South Korea has a fertility rate of 0.7. The total fertility rate (TFR) required for a population to maintain its size over time is generally considered to be 2.1 children per female.
The implications of South Korea's anemic fertility rate are catastrophic. Over the next two generations, the country's population is expected to decline from approximately 50 million to around 20 million.
South Korea is not an isolated example of the fertility crisis. Dr. Alice Evans, a social scientist who has been studying the collapse in fertility around the world for 15 years, says that South Korea represents the tip of the iceberg. She says, "Fertility is collapsing everywhere all at once."
Evans was on Ross Douthat's "Interesting Times" podcast this past week and noted that it wasn't just first-world, industrialized countries whose fertility rates were collapsing. The crisis is in South America, the Middle East, and across Asia. The bottom line is that, except for sub-Saharan Africa, fertility rates are cratering all over the world with enormous implications not just for the economy, but human civilization in general.
There are many explanations for the collapse in fertility rates. Leftists believe it's a lack of social services that keeps people from having babies. Others on the left point to women's choices and liberalism, making having a family an unattractive alternative.
How does that explain fertility rates crashing in Egypt, in Tunisia, and in Turkey?
"So something is happening very recently — maybe in the past 15 years — everywhere all at once, across vastly different economies, across vastly different governance and welfare systems and across vastly different levels of liberalism versus religiosity," notes Evans.
She notes a crisis in "coupling": an explosion of single people worldwide. These singles aren't just waiting to get married. They're not "dating" in the traditional sense, and many have no plans ever to get married and have children.

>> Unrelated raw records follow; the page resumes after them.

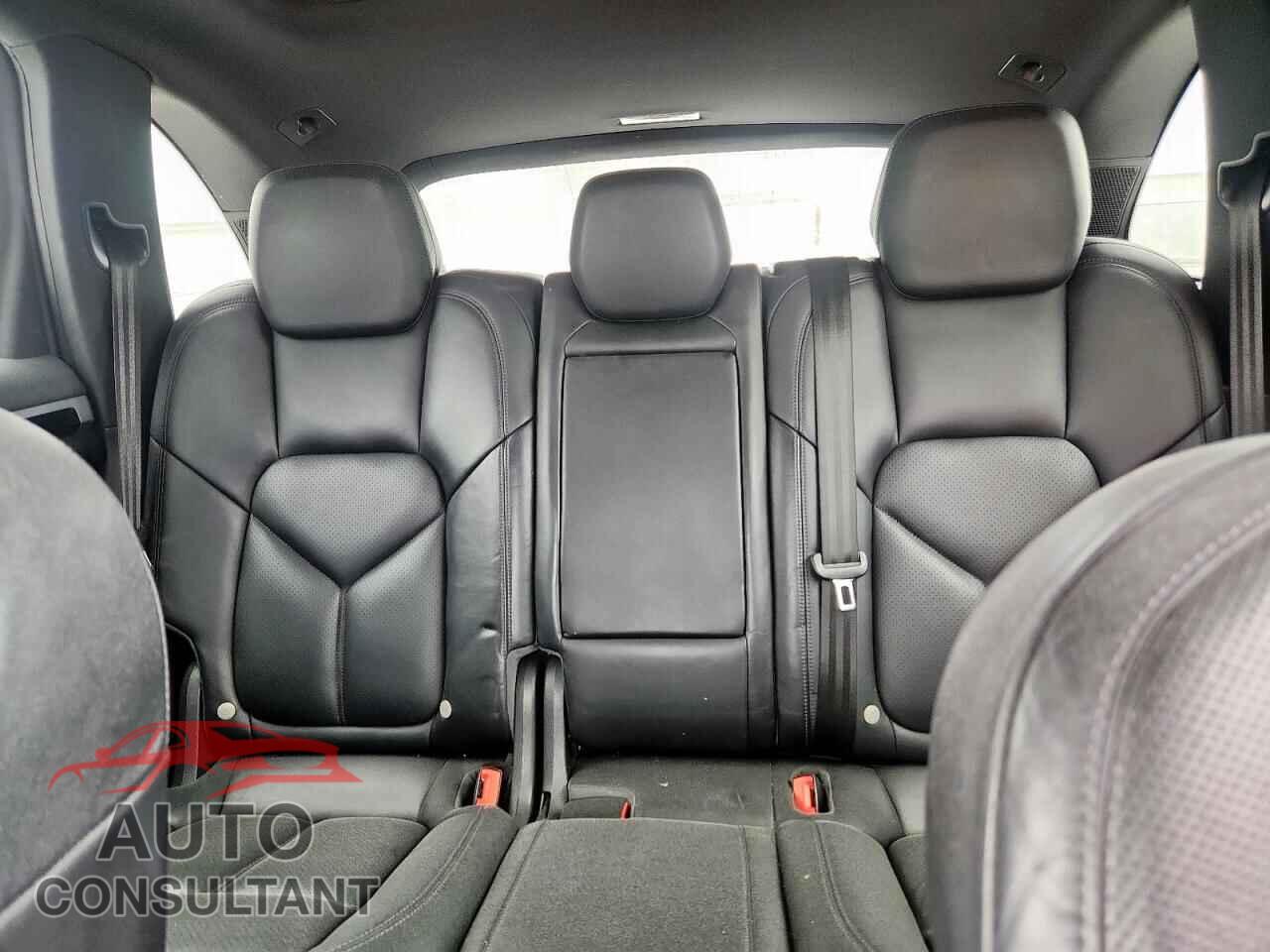 PORSCHE CAYENNE 2016 - WP1AE2A23GLA62064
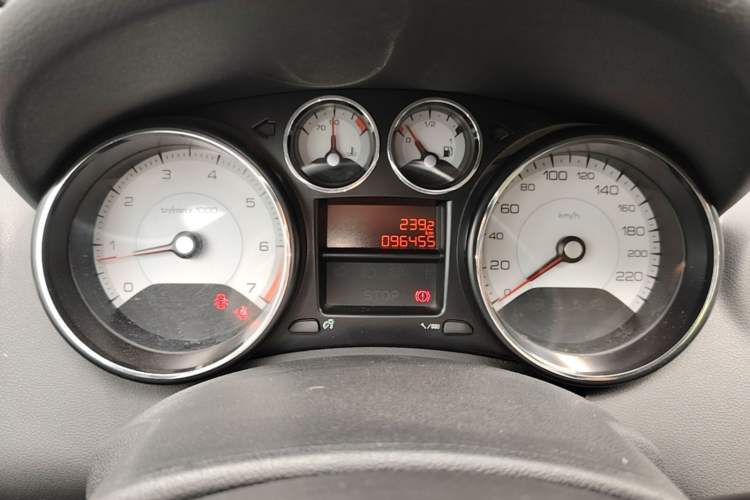 Used Peugeot 408 2013 2.0L Manual Comfort Edition Instrument Cluster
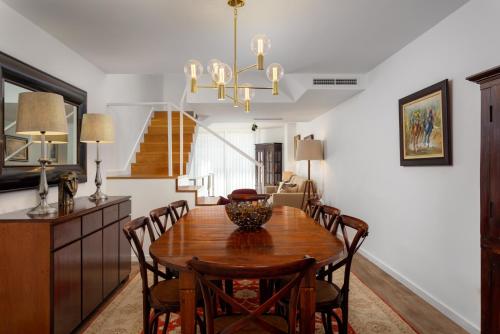 STUPENDO-Three Rooms-Suite with Terrace -Center -Air conditioning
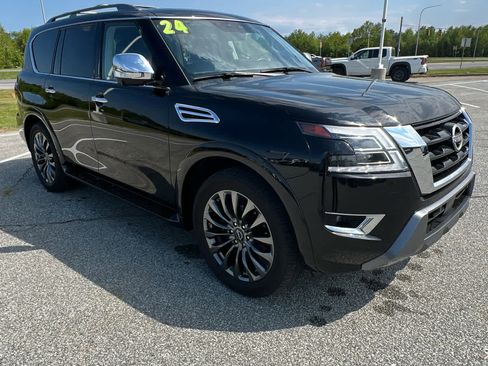 Used 2024 Nissan Armada Platinum w/ Captain's Chairs Package AWD/4WD image 7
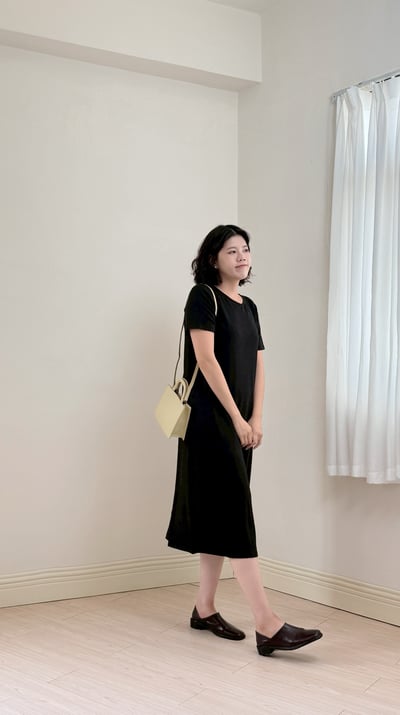 漫步純色後扭結洋裝4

If we look empirically at the data for a range of countries, we find that an increasing number of people are staying single. That is, they are neither married nor cohabiting.
So in the U.S., over half the people between 18 and 34 are neither cohabiting nor married. They’re single. And that’s the same case in much of Latin America, East Asia, in China, in South Korea. I chat to all my Chinese students, many single, with no expectations, no plans, no desires to be married. So that’s a massive, massive global friction. So if people are staying single, that is closely correlated.

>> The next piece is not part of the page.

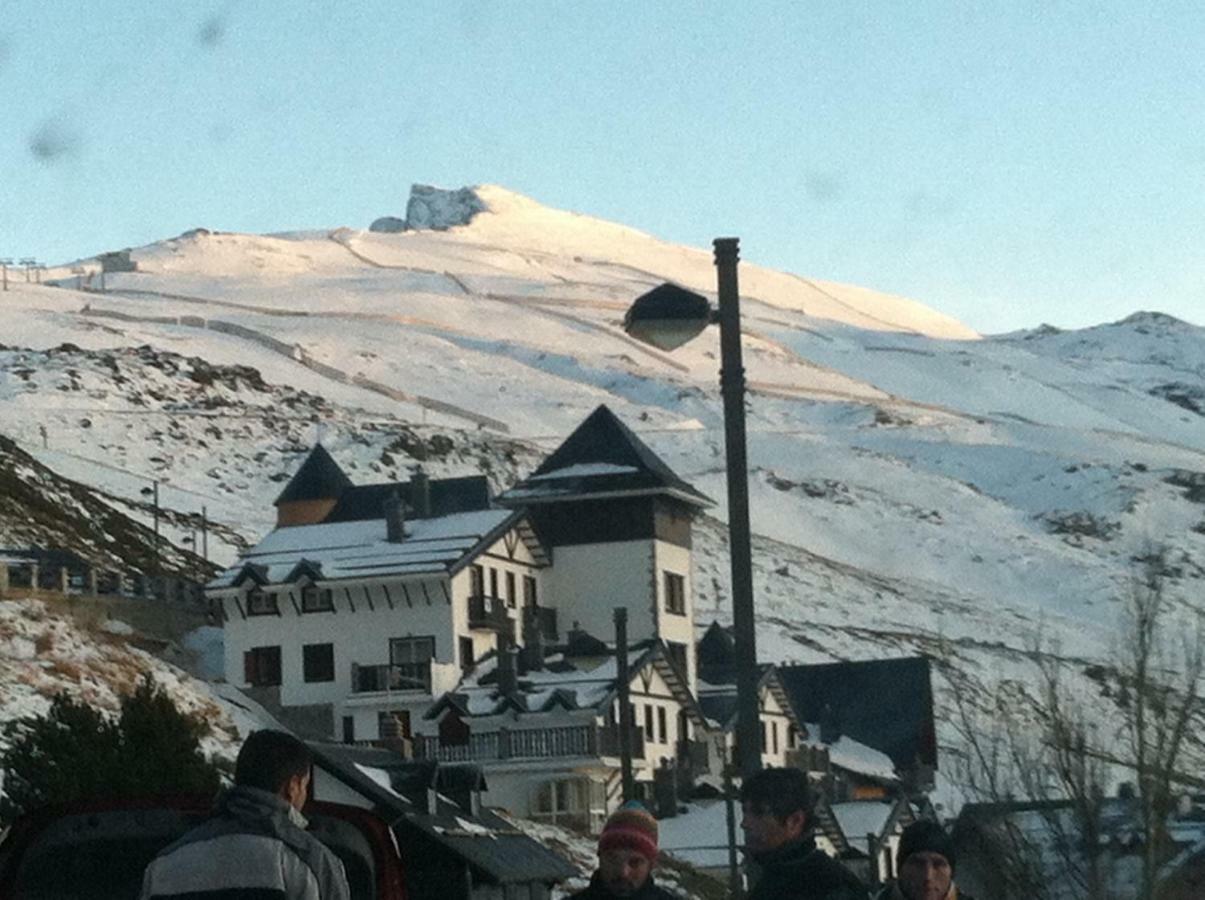 Apartamento De Lujo En Sierra Nevada Luaran gambar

If we look at the data, the decline in people being married or a couple is almost one-to-one with the decline in children. It matches so closely, in both the U.S., in China, everywhere. This is more closely correlated than anywhere else and across multiple countries. The data is so strong.
Evans points to the significant increase in "personal online entertainment" with the proliferation of apps like Netflix and the explosion of internet gambling (online gambling "has become absolutely massive across Brazil and Latin America," says Evans) as well as the popularity of MMOGs and social media apps like Instagram.

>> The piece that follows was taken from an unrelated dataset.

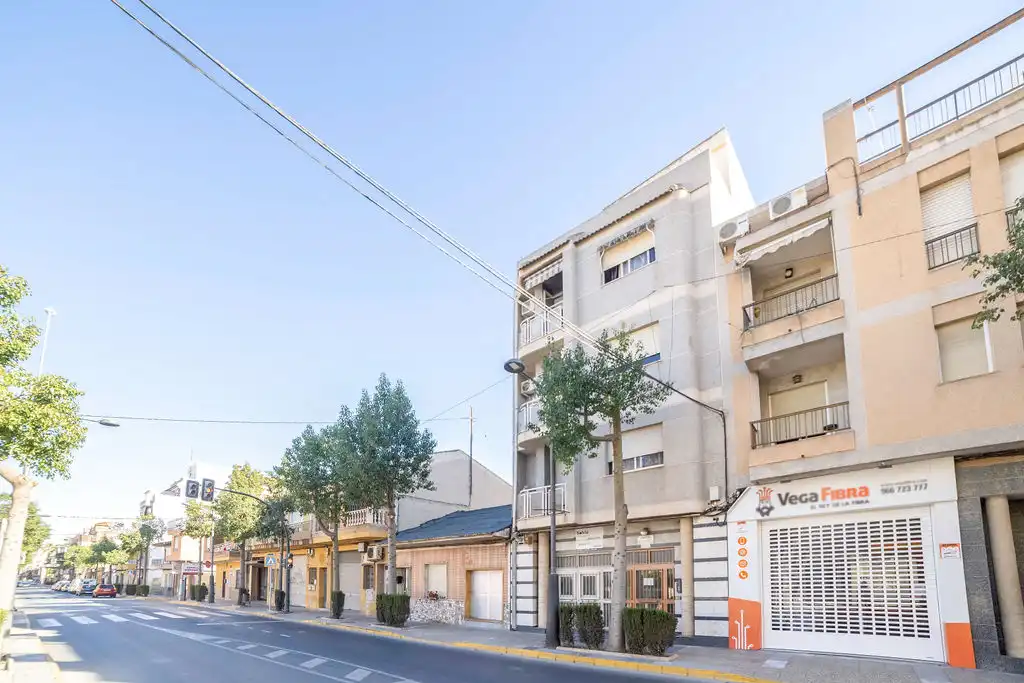 Locale commerciale in vendita a Av. Calvo Sotelo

Evans refers to this phenomenon as "retreating into a digital solitude." She (and others, like Jonathan Haidt) attribute this digital solitude to the significant increase in smartphone usage.
"But what if tech outcompetes our social connections?" Evans wonders. "That already seems to be happening, not just in coupling, but the wider rise in solitude."
It all relates to finding a way to bring boys and girls together again in social situations and let nature take its course. After that, we can work on convincing younger people that having kids is the most rewarding thing they will ever do.
It will involve reviving the idea of "community" in ways we've not considered before. A religious revival would be beneficial in fostering a return to genuine communities. Within such communities, childbearing is, if not encouraged, certainly accepted.
There are no easy answers to addressing a problem that absolutely has to be addressed. The survival of our civilization depends on it.